Sobrement intitulé Episode 5, l'album le plus récent de Mermaid Project (Dargaud) constitue la fin d'un premier cycle de cette série co-scénarisée par Leo et Corine Jamar, et dessinée par Fred Simon. Hormis son intrigue, interpellante, de légère anticipation mais de plus en plus fréquemment rattrapée par l'actualité, Mermaid Project est aussi l'histoire de la rencontre de deux auteurs sur les planches...d'un théâtre avant celles de la série, et d'un dessinateur "simplement" choisi par le créateur de riches cycles de SF. Nous avons suivi le chant des sirènes pour rejoindre Corine Jamar et Fred Simon et les interroger au sujet de cette excellente série.

 Comment avez-vous été amenée à travailler avec Leo ?

Corinne Jamar : Leo et son épouse avaient particulièrement apprécié mon premier roman, Emplacement réservé, et en ont assuré l'adaptation au théâtre. Il m'a ensuite sollicité pour travailler avec lui sur un scénario de BD. Au départ, nous n'avions pas d'idée, à part celle d'un personnage féminin policier confrontée à un quotidien contemporain. Que faire à partir de cela ? Au cours de nos réflexions, nous nous sommes orientés vers cette légère anticipation, mais tout ce qui se déroule dans ce futur proche prend racine aujourdhui.

 Ce qui est particulièrement frappant quand on découvre la White Army depuis l'accession d'un Donald Trump à la présidence des USA...
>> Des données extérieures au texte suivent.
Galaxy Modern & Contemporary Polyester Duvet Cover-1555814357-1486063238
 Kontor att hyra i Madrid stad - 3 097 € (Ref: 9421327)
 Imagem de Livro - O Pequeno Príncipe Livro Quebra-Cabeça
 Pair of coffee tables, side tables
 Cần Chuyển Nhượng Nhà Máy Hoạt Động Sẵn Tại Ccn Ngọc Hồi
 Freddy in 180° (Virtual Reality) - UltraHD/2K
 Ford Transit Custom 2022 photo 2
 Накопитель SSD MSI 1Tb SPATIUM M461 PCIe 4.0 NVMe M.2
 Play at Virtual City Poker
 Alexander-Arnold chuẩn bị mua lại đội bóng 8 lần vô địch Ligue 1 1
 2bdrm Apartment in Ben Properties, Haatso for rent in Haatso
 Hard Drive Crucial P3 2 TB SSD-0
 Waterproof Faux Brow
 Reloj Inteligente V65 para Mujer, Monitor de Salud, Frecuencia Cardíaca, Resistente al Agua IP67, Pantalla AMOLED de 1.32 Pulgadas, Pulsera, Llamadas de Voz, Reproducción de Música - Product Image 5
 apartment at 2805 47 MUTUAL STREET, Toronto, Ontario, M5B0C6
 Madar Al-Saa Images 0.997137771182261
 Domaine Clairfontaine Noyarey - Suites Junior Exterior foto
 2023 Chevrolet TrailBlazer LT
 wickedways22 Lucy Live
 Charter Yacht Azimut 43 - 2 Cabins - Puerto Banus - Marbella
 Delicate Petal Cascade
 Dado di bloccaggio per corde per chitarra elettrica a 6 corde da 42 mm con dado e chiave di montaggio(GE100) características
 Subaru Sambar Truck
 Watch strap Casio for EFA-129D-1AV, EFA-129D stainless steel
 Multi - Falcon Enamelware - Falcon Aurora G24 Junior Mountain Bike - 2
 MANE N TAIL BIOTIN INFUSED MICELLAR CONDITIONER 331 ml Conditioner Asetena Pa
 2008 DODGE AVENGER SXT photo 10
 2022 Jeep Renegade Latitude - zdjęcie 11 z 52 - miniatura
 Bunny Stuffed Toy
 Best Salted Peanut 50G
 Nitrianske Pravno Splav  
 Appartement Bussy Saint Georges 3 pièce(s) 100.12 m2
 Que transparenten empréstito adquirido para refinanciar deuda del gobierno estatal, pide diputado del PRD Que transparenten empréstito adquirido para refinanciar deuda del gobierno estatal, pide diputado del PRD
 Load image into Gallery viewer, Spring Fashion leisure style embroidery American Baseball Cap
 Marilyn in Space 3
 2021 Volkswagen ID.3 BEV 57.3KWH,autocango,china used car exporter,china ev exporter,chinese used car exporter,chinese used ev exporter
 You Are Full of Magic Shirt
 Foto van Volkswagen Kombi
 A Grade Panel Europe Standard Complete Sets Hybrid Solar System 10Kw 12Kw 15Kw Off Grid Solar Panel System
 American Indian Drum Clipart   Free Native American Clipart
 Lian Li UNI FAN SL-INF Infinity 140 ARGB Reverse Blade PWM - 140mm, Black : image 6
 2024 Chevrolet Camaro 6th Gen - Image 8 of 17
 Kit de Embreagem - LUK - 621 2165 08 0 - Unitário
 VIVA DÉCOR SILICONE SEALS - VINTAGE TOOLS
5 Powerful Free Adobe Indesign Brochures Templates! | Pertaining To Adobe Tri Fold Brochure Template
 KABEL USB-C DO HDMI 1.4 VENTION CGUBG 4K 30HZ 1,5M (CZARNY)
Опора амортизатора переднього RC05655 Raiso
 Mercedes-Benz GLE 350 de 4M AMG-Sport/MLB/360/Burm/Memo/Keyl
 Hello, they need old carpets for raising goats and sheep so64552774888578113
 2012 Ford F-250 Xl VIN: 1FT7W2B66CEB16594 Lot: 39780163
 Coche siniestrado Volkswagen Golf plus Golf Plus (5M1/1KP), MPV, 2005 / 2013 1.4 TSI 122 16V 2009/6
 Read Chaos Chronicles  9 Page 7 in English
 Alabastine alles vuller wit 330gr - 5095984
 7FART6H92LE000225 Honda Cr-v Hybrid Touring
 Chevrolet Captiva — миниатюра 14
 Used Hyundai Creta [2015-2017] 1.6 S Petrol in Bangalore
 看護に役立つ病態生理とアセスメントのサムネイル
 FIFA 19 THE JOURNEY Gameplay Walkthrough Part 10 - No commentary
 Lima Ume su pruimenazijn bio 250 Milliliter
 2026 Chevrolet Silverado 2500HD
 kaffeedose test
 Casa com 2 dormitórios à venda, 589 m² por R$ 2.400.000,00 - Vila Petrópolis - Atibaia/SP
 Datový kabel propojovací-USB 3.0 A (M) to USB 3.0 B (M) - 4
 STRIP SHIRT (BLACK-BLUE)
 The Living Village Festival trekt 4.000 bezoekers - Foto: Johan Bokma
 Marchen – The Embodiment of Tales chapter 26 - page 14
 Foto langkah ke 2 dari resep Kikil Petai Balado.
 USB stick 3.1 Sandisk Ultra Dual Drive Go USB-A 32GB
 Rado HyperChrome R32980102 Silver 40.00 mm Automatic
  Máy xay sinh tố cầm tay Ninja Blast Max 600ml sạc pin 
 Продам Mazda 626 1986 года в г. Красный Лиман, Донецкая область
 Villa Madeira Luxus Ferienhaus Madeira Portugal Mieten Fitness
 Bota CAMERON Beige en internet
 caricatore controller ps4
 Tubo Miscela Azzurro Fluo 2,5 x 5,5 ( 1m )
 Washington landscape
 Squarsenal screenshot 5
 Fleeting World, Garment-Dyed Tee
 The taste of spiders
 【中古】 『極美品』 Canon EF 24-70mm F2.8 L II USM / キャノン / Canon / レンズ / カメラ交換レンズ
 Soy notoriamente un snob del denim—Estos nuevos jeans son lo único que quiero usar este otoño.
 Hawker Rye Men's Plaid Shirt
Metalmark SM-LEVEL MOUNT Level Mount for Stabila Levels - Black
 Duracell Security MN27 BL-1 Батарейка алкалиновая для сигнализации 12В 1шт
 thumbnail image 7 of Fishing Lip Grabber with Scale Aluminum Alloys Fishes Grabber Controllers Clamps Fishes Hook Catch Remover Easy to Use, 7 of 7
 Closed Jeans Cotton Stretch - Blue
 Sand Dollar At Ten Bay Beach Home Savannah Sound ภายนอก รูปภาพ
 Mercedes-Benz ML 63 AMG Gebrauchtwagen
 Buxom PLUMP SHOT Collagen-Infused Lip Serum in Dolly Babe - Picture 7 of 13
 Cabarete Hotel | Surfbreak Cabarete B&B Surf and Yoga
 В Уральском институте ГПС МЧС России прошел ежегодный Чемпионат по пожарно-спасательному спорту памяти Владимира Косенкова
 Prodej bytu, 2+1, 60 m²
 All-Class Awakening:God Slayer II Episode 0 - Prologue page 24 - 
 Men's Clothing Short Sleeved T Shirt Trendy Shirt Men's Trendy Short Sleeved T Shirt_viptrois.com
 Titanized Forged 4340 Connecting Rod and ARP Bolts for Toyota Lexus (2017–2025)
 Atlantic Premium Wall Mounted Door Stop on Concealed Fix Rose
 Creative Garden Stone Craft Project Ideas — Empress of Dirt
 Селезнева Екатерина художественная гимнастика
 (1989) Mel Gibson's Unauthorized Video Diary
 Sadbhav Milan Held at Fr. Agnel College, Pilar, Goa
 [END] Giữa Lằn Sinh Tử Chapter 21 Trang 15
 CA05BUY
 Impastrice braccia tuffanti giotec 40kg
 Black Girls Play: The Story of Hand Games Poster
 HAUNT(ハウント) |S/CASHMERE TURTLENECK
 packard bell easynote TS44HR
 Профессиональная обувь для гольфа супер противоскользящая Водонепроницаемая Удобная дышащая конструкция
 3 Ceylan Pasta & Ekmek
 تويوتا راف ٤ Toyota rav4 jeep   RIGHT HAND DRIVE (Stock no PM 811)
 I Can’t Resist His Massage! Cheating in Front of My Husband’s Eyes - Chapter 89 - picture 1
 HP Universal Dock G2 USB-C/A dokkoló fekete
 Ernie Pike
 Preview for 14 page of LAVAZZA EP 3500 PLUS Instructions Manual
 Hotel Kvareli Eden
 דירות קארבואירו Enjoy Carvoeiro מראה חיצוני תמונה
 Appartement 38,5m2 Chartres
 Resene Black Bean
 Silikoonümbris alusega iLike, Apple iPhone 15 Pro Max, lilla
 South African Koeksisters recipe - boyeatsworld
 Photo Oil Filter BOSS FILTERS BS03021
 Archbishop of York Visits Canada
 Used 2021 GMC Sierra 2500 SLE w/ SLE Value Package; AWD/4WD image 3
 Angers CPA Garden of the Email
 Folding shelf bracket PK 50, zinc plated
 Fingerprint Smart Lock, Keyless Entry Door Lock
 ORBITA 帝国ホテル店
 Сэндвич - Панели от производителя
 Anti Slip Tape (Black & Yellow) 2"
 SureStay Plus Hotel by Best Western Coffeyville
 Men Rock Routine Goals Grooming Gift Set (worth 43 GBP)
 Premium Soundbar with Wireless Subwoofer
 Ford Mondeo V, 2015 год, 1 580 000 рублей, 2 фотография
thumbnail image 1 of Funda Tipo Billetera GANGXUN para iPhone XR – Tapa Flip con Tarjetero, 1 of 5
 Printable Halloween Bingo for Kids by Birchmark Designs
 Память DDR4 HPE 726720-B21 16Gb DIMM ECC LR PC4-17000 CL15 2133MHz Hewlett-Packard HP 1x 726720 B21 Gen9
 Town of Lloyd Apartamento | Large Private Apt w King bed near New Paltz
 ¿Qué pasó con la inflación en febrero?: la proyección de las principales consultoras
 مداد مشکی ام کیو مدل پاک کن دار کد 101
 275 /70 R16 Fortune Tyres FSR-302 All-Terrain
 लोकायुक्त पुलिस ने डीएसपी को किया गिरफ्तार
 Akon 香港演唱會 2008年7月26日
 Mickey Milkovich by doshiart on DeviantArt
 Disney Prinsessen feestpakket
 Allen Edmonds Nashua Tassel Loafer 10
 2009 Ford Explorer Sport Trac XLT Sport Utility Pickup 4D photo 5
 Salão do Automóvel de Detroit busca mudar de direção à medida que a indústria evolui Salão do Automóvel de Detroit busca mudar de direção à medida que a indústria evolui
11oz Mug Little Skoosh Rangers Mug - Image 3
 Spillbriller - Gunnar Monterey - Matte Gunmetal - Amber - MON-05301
CJ : Oui, là on rejoint clairement la réalité, et pourtant cette idée date d'il y a quelques années, mais plusieurs éléments rejoignent effectivement ce que l'on vit, comme ces  rapports de force différents. Au-delà, je pense que nous avons glissé dans cette histoire, assez naturellement, des préoccupations qui sont les nôtres. On n'a pas à pousser le bouchon très loin. Il suffit de regarder les infos, et on découvre qu'il existe des tas de trafics, que la génétique évolue, certes, mais qu'elle donne lieu à des expériences effrayantes. D'une certaine manière, la base de l'histoire de Mermaid Project existe, on a juste eu à monter le son, mais pas tant que ça, en fait... Et nous avons glissé une histoire d'amour en filigrane...

 Concrètement, comment avez-vous travaillé pour élaborer le scénario ?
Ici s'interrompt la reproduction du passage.